Data shown:

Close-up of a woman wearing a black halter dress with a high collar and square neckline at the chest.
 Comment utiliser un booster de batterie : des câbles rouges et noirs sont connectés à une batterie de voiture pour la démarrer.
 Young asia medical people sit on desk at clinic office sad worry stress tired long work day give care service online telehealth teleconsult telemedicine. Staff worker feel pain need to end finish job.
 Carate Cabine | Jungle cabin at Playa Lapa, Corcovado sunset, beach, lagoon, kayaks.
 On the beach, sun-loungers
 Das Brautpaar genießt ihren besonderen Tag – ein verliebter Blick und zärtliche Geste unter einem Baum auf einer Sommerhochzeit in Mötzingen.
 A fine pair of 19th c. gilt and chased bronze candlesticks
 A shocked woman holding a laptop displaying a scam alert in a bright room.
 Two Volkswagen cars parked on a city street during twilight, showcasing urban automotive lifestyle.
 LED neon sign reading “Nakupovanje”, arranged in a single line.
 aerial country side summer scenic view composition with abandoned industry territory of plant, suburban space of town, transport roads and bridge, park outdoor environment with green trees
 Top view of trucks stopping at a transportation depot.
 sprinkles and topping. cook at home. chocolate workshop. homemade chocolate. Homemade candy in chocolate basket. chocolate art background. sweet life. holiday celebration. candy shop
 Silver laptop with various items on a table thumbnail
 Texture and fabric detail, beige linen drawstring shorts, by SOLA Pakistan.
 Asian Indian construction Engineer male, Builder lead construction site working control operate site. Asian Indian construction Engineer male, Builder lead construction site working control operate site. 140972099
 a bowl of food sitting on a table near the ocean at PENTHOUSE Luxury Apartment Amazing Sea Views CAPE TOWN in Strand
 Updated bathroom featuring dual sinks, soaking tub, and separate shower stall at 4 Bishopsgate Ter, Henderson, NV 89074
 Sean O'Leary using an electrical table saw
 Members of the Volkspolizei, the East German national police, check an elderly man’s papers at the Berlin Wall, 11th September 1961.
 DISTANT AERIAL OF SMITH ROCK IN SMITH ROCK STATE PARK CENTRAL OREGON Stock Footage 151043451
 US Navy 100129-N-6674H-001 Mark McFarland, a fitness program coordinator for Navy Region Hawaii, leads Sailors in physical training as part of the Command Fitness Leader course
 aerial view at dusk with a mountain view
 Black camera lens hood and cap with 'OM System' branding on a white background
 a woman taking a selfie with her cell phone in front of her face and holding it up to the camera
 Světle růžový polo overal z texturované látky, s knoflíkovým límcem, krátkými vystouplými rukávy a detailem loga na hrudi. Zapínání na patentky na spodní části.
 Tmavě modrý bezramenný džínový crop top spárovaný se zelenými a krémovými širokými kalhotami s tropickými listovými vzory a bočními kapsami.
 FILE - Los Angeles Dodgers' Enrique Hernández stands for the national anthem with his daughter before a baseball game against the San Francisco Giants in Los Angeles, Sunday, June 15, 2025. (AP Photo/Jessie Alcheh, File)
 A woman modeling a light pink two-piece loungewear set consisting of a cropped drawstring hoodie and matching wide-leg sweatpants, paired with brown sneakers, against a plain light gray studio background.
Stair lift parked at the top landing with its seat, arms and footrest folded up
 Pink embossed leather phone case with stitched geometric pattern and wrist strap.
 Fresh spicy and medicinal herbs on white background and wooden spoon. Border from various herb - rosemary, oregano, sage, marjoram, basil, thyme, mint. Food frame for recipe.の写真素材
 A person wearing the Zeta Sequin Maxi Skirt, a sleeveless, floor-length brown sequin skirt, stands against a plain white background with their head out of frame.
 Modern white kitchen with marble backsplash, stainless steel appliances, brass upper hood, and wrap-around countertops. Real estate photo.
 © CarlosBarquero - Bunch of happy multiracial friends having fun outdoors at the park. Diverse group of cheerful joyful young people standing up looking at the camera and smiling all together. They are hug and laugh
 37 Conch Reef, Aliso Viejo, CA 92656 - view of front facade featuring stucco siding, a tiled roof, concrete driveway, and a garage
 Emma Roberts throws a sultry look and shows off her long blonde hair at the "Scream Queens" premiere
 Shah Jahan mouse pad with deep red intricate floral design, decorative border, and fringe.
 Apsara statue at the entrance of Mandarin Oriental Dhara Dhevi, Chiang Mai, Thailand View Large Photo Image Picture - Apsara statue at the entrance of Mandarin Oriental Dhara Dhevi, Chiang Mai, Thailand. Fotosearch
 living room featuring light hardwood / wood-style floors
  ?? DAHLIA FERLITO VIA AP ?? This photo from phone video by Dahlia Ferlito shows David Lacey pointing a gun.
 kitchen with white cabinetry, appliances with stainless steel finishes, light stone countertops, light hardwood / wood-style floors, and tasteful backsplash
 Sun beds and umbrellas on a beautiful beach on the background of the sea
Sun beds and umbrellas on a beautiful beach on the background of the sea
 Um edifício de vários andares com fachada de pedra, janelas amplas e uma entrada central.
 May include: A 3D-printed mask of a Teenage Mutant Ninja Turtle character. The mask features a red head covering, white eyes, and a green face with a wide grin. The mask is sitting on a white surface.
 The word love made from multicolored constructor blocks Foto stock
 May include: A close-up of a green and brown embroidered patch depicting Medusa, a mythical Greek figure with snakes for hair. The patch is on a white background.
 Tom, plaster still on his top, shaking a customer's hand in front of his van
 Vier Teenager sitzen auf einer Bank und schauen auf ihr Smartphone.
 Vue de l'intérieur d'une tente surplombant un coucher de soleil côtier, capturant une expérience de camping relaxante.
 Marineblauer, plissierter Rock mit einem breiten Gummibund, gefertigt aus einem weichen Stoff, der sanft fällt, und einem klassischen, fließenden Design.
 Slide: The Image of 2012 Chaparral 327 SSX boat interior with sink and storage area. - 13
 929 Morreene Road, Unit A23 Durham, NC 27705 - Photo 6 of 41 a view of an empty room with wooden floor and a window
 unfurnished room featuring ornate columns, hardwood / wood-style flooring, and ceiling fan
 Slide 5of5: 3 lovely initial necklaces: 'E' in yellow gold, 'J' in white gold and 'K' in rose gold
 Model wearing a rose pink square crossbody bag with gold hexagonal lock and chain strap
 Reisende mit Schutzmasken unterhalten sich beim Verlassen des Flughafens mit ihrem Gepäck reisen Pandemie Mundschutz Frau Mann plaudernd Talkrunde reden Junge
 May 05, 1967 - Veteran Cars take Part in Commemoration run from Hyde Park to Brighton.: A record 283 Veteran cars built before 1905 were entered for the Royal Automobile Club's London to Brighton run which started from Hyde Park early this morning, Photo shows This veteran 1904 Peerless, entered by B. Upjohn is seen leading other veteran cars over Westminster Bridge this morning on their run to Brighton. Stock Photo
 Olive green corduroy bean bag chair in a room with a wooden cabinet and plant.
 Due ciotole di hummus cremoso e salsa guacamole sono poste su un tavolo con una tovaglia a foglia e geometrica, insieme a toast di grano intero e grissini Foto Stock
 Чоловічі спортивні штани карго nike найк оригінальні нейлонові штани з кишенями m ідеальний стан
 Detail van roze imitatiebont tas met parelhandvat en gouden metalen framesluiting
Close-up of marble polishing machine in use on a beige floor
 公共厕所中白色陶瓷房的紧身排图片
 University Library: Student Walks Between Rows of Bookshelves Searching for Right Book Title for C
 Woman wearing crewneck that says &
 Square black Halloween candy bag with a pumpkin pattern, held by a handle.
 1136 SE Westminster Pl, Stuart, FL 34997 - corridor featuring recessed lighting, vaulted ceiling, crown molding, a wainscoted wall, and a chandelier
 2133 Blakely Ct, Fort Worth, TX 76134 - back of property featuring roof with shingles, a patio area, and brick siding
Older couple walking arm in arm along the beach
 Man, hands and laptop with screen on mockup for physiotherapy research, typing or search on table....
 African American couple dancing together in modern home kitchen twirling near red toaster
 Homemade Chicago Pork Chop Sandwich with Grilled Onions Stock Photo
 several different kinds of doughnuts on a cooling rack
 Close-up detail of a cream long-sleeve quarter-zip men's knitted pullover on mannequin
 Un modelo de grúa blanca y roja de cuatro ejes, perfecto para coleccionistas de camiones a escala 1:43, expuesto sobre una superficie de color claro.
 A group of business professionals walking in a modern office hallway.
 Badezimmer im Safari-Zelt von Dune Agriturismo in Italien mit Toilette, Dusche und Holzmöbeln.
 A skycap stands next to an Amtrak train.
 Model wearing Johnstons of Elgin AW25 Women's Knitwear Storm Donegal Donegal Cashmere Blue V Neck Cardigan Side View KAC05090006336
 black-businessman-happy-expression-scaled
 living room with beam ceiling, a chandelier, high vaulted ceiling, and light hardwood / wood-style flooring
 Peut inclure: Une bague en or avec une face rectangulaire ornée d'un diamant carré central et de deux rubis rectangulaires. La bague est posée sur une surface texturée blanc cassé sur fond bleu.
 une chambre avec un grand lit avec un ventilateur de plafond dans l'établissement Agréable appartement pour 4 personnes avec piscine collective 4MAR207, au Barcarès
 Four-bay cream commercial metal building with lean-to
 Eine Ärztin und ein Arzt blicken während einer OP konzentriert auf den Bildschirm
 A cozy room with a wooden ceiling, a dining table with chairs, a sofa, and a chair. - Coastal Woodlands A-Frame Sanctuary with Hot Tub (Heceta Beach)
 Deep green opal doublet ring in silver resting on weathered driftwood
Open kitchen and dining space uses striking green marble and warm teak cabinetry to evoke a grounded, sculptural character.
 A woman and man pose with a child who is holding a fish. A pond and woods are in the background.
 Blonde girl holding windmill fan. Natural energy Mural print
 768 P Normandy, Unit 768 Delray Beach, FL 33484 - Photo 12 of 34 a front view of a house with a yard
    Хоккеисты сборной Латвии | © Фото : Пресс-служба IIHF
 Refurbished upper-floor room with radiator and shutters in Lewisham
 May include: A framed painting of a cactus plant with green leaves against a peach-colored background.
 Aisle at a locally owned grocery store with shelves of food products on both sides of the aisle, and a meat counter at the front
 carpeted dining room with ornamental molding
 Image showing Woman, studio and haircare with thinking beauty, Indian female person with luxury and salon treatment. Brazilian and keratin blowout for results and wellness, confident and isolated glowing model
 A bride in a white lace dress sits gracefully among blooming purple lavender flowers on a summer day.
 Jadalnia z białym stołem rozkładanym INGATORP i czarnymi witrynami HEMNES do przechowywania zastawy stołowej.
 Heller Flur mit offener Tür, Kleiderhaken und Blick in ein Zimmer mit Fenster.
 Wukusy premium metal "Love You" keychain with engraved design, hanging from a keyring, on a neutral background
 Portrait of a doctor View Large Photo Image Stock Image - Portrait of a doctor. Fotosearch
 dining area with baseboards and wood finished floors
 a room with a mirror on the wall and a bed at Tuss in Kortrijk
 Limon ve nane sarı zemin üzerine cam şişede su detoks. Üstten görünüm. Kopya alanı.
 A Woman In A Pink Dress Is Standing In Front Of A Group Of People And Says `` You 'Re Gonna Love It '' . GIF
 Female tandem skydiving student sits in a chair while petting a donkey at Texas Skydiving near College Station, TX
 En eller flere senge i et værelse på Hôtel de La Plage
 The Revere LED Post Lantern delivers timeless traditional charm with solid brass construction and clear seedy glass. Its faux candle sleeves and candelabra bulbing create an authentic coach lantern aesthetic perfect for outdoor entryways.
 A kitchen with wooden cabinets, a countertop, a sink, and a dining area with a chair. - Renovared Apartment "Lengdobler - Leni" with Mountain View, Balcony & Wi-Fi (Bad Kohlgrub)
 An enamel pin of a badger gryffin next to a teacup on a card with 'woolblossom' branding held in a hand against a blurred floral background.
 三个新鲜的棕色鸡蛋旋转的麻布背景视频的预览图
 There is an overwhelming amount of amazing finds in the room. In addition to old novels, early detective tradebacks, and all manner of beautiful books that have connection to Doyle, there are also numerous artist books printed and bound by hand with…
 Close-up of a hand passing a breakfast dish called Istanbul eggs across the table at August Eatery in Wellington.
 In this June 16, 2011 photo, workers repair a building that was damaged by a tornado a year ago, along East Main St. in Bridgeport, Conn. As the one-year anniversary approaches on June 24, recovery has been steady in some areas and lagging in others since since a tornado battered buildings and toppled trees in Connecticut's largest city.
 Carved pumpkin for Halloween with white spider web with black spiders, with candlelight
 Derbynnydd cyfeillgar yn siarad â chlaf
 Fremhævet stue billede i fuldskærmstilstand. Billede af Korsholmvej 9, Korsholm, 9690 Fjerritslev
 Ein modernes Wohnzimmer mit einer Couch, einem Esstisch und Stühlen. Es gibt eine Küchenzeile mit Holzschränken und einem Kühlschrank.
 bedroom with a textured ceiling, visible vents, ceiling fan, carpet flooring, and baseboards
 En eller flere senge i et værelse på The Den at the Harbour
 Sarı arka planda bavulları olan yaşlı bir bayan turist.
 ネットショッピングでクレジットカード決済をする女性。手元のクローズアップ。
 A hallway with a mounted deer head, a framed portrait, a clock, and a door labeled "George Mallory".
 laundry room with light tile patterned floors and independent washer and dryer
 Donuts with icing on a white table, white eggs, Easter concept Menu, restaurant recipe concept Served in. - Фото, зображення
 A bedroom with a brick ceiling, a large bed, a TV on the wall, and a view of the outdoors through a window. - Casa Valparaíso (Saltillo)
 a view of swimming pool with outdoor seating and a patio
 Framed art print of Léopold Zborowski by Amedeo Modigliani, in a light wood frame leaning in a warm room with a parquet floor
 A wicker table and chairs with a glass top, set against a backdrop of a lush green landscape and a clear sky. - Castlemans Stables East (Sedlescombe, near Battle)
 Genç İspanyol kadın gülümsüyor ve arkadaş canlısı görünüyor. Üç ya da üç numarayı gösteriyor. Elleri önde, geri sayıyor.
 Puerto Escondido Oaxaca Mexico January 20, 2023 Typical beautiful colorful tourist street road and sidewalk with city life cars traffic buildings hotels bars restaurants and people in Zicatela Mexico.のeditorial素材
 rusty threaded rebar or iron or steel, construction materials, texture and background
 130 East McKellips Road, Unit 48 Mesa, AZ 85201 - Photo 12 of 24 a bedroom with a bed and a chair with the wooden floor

Task requirements:
A line belongs in the answer if it contains the word "parked"; copy every such line from the data above.

Final answer:
 Two Volkswagen cars parked on a city street during twilight, showcasing urban automotive lifestyle.
Stair lift parked at the top landing with its seat, arms and footrest folded up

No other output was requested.